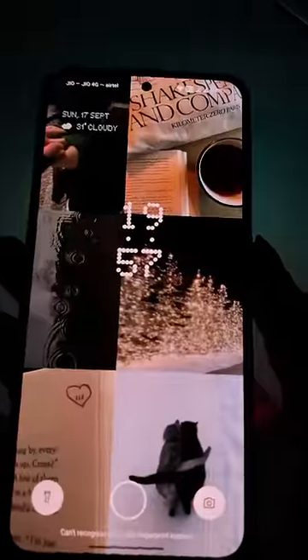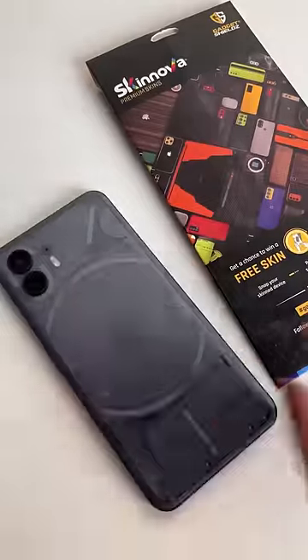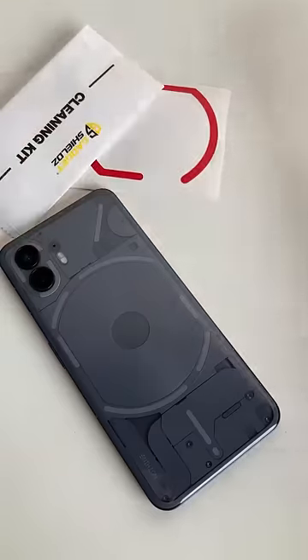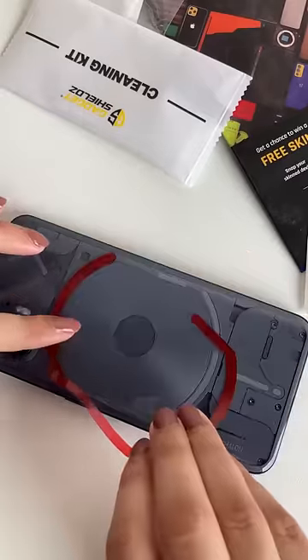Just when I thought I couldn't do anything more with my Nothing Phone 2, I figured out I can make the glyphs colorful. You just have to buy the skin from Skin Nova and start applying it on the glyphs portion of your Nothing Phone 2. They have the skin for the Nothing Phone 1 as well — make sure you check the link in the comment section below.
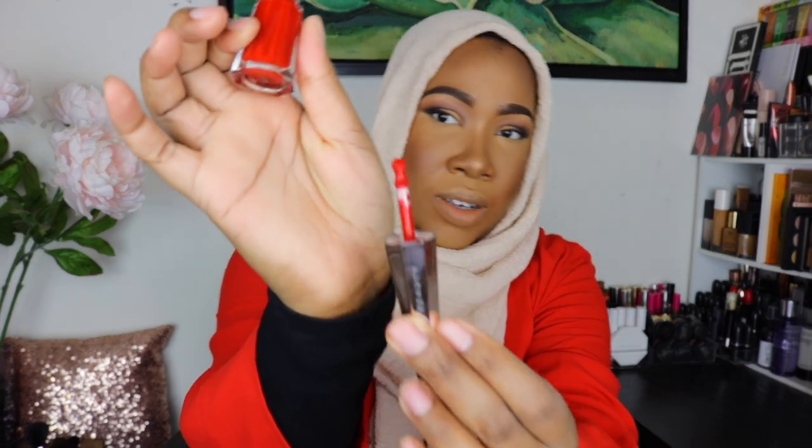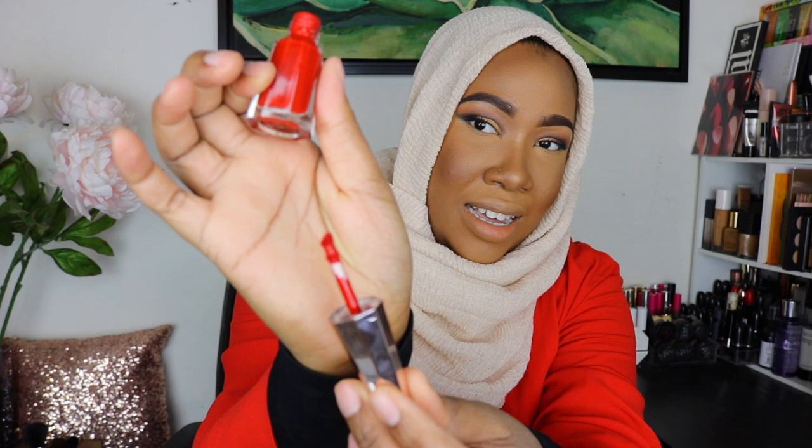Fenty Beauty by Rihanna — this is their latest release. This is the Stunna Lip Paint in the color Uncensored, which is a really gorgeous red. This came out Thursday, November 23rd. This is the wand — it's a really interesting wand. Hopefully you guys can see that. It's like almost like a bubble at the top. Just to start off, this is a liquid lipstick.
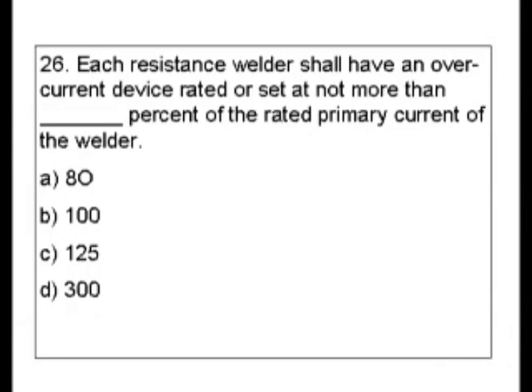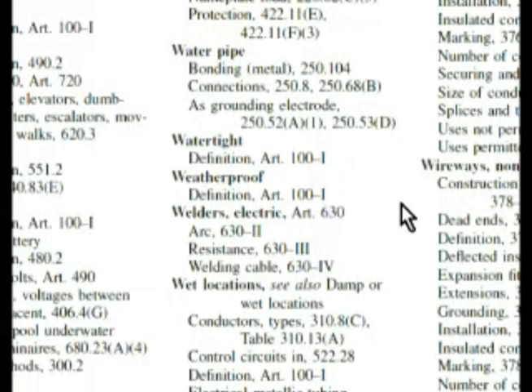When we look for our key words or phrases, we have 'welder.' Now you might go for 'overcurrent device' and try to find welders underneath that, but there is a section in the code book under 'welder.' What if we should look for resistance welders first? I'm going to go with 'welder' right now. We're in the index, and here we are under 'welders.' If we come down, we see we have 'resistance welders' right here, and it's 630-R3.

...

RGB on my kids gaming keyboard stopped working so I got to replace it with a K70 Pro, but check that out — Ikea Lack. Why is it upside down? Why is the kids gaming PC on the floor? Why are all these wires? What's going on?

* * *

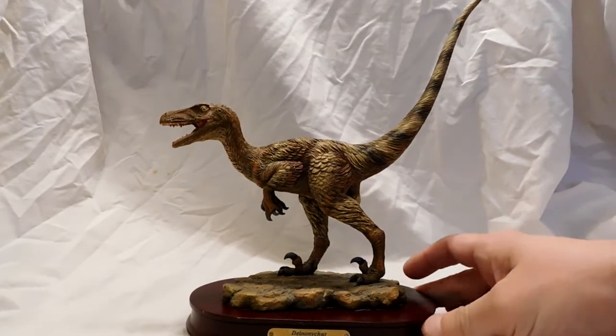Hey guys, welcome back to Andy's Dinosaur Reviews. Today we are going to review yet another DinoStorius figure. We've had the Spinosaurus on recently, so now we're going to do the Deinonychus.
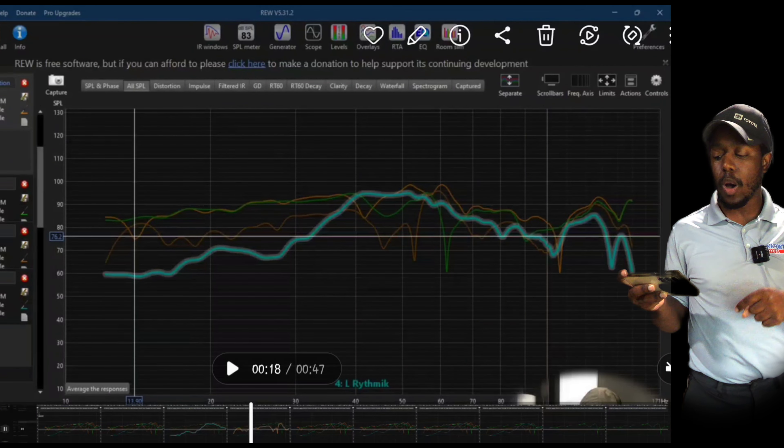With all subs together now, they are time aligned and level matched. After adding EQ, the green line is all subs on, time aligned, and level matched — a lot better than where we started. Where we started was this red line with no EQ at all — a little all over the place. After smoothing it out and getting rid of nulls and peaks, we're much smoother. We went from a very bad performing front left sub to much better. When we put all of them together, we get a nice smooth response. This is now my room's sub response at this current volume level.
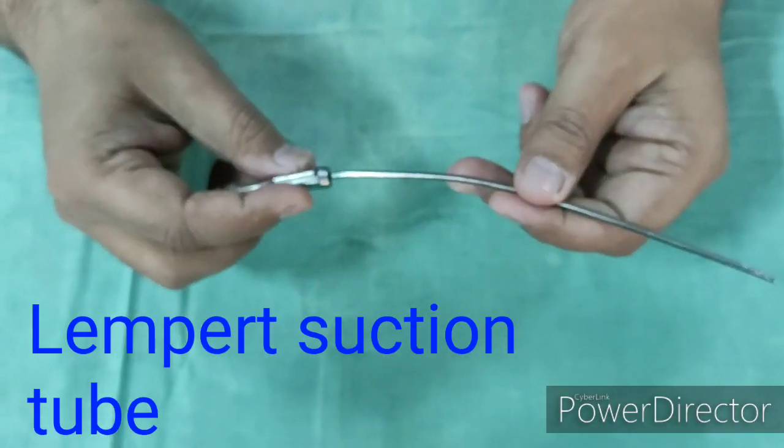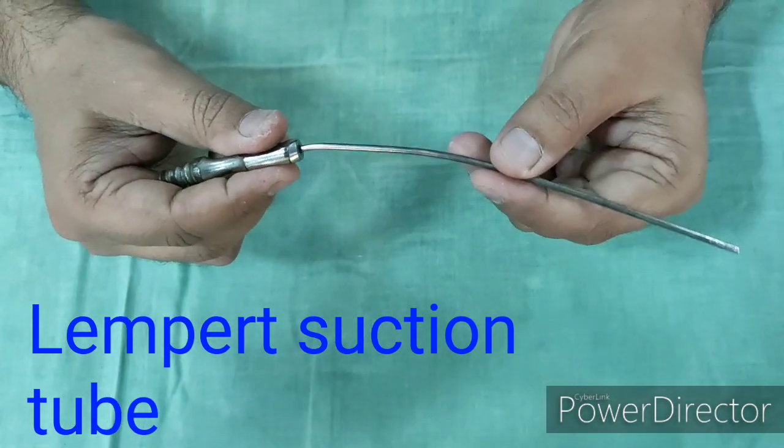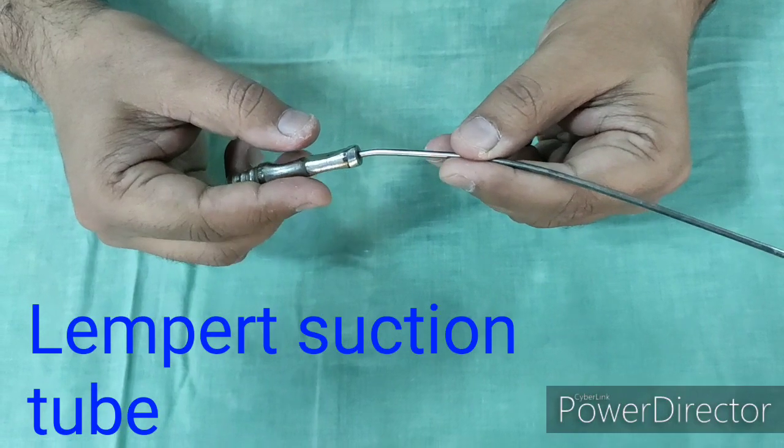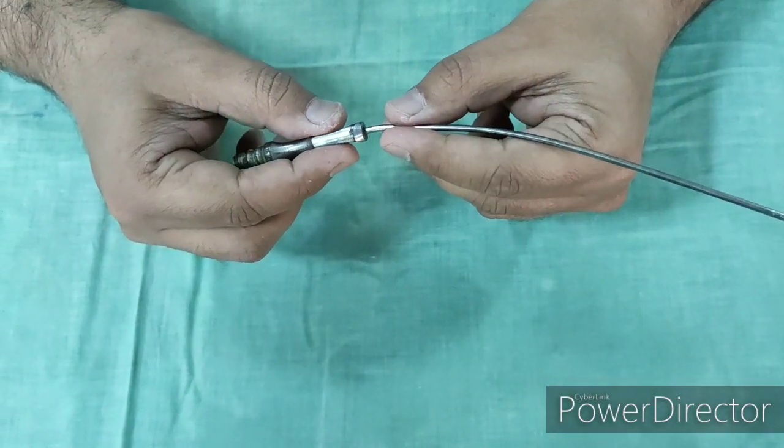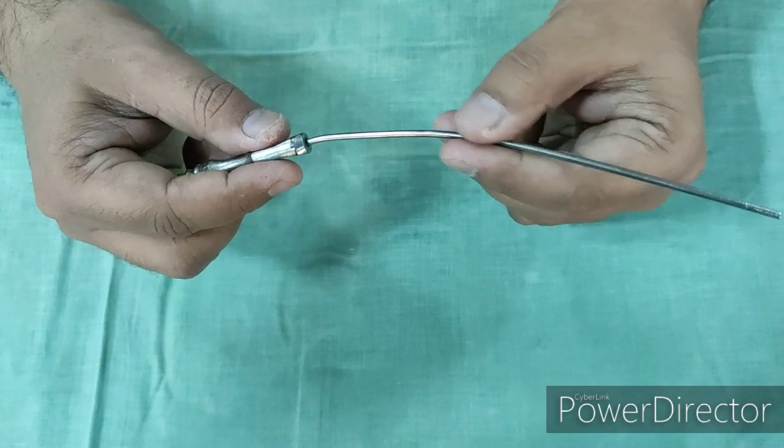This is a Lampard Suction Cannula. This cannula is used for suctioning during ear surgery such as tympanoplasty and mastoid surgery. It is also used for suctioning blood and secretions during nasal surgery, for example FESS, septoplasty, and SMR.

**Work order:**
When copying from the data above, begin at the line containing "With all subs" and end at the line containing "This is a Lampard"; return those lines exactly and leave all pictures behind.

**Response to the task:**
With all subs together now, they are time aligned and level matched. After adding EQ, the green line is all subs on, time aligned, and level matched — a lot better than where we started. Where we started was this red line with no EQ at all — a little all over the place. After smoothing it out and getting rid of nulls and peaks, we're much smoother. We went from a very bad performing front left sub to much better. When we put all of them together, we get a nice smooth response. This is now my room's sub response at this current volume level.
This is a Lampard Suction Cannula. This cannula is used for suctioning during ear surgery such as tympanoplasty and mastoid surgery. It is also used for suctioning blood and secretions during nasal surgery, for example FESS, septoplasty, and SMR.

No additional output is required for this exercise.